For months Dana has tried to get Joseph to leave his session with her and walk into the cafeteria (for lunch) by himself. Now, the cafeteria is a challenge unto itself, being noisy, crowded and somewhat unstructured, but the big deal was that he’s always refused to go in without his aide. On the day of the miracle, Joseph walked over, found a friend, and went into the cafeteria with him. And he’s been doing it ever since.

Wonder of wonders, miracle of miracles!

Another one: This morning I walked Joseph to his classroom. Never, ever in the past has he allowed me to leave before his aide shows up, but today he let me kiss him and go. Wow! On my way back to the car I saw his aide coming up, and I excitedly told her what happened. “Yup,” she replied. “Takes about 100 repetitions and then he can do something.”
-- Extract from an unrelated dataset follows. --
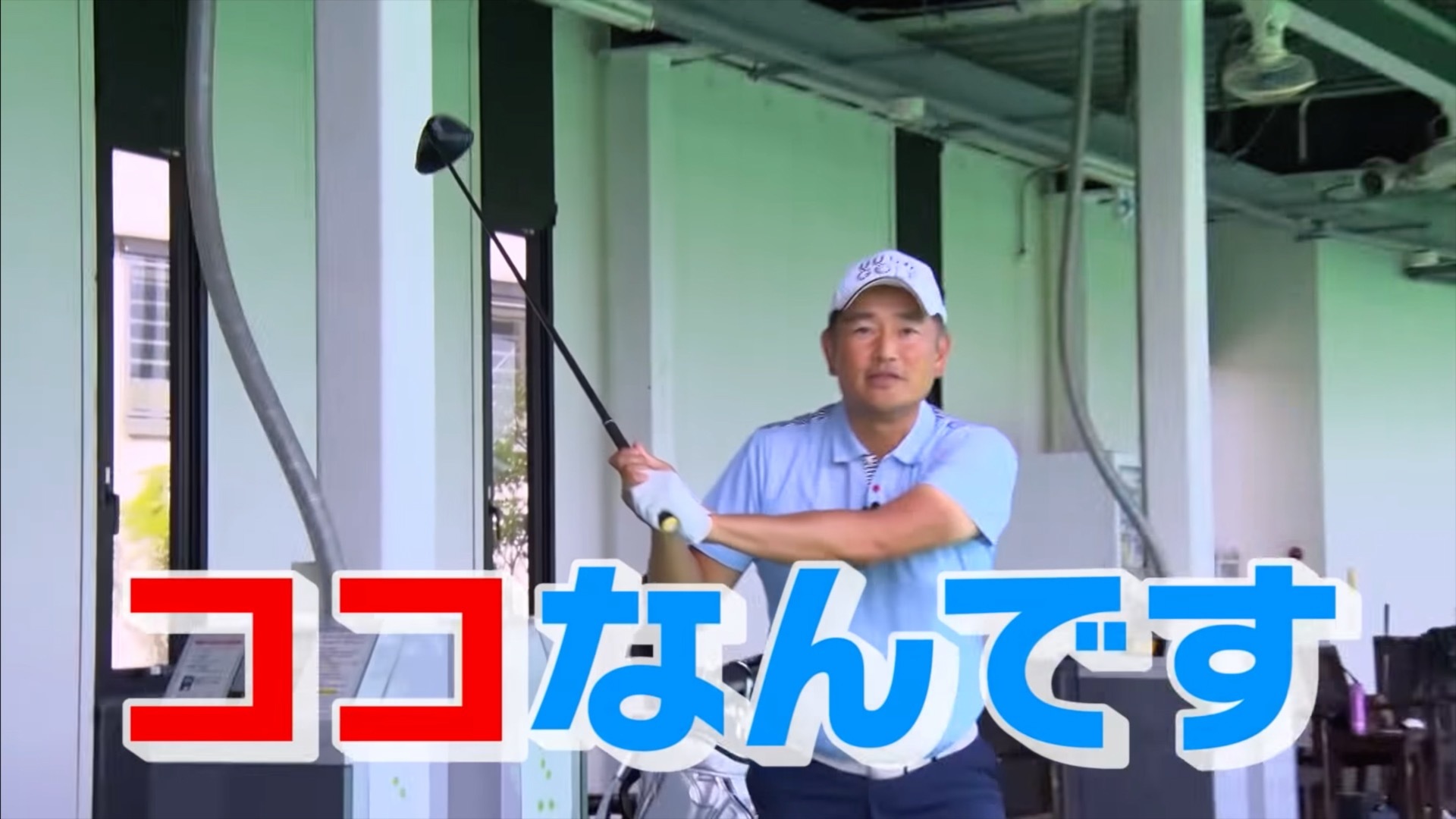 (画像提供：UUUM GOLF)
I laughed. “Blue Eyes and I say it takes 500!”

Repetitions. What a great way to learn patience. What a marvelous way for my character to be formed. What great sandpaper for my rough spots.

Will it ever end????

Sigh…probably not. And it gets more complicated. Now we are endeavoring to teach him to speak to us with respect, to clean up after himself without being reminded…that sort of thing. It feels endless. Maybe it is. Maybe every parent feels this way. Maybe I’m going to set myself on fire.

sugarEaster was full of sugar, and right afterward we took a week’s vacation. Think ice creams and other sweet things — the kind of thing you do when you’re on vacation.
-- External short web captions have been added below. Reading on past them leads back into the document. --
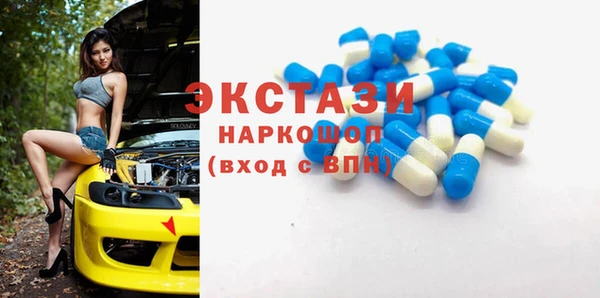 метадон Остров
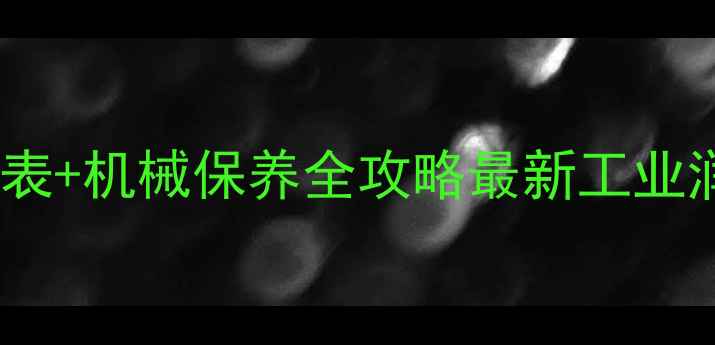 图片 🔥圣罗萨润滑油官网价格表+机械保养全攻略最新工业润滑方案大公开！💦🛠️1
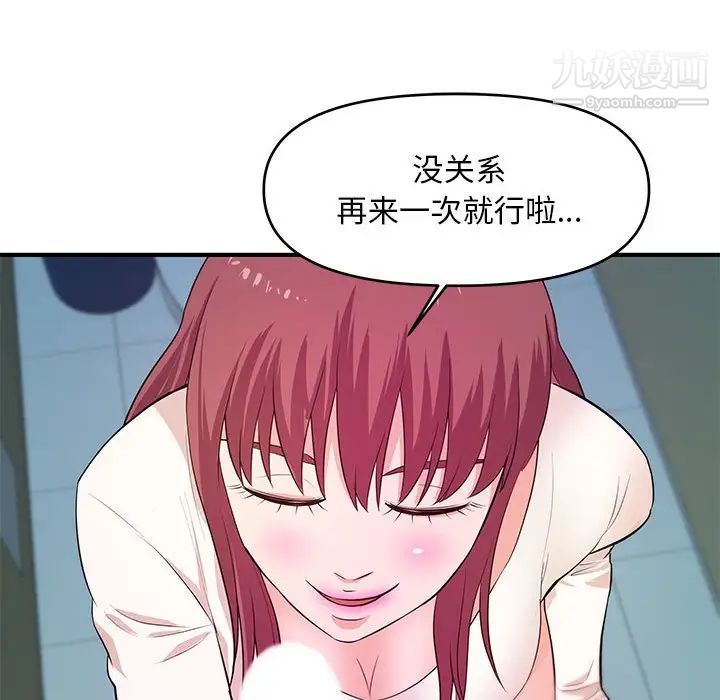 沉重的学分最终话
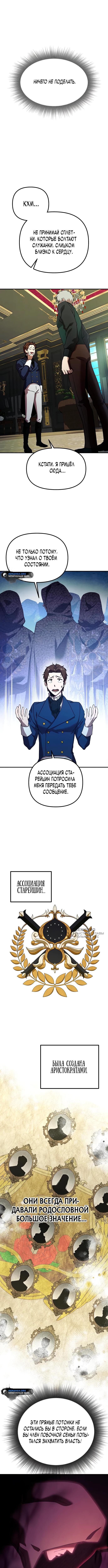 Страница 10 главы 2 манги Идеальный злодей в моём исполнении / Playing the Perfect Fox-Eyed Villain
Trouble is, by the time we got home, we saw that candida had taken over Joseph. He was spacey, stimmy, tantrummy, and an overall pain in the butt. We put him on a sugar-free cleanse, which has been devastating for him. Almost every morning he wakes up and starts an argument with me. When can I have sugar? Can I have it if we go to the lake in the summer time? Can I have it on June 6th, the last day of school? Can I have a soda the next time I go to a restaurant?
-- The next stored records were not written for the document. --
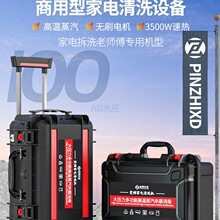 包邮蒸汽空调清洗机高压高温清洁机家电油烟机地热暖水管道一体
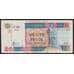 Куба банкнота 20 песо 2008 РFX50 VF арт. 41861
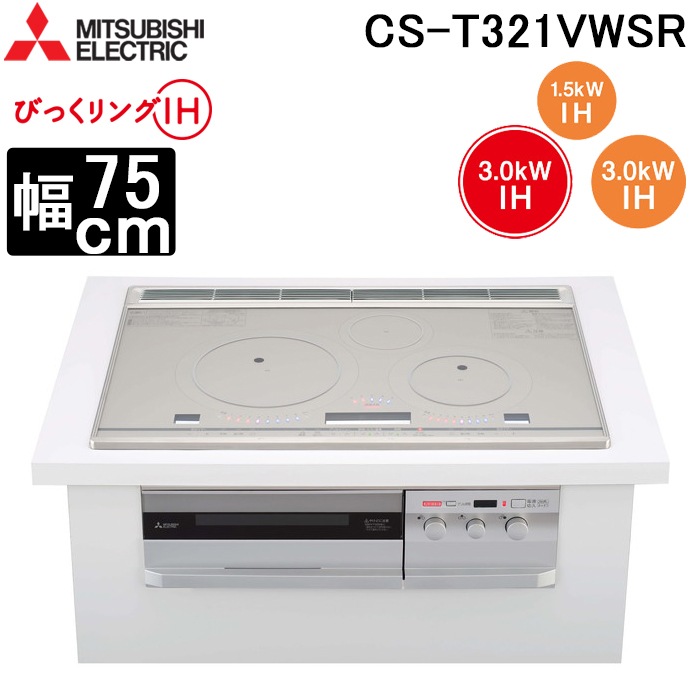 三菱電機 CS-T321VWSR IHクッキングヒーター ビルトイン型 75cmワイド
It’s relentless. I am trying to do my Love and Logic — I love you too much to argue — and leaving the room, but this kid will not let it go. It’s a major struggle.

Our Love and Logic Instructor once wrote on the whiteboard four big letters:

C
T
F
D

 

Calm The F*** Down.

i pray for long-term perspective. For more patience during these phases that require so much repetition. I pray to remember that things take longer with Joseph, and that I need to take care of myself in order to deal with his special needs. Last, but definitely not least, I pray  to CTFD in those trying times.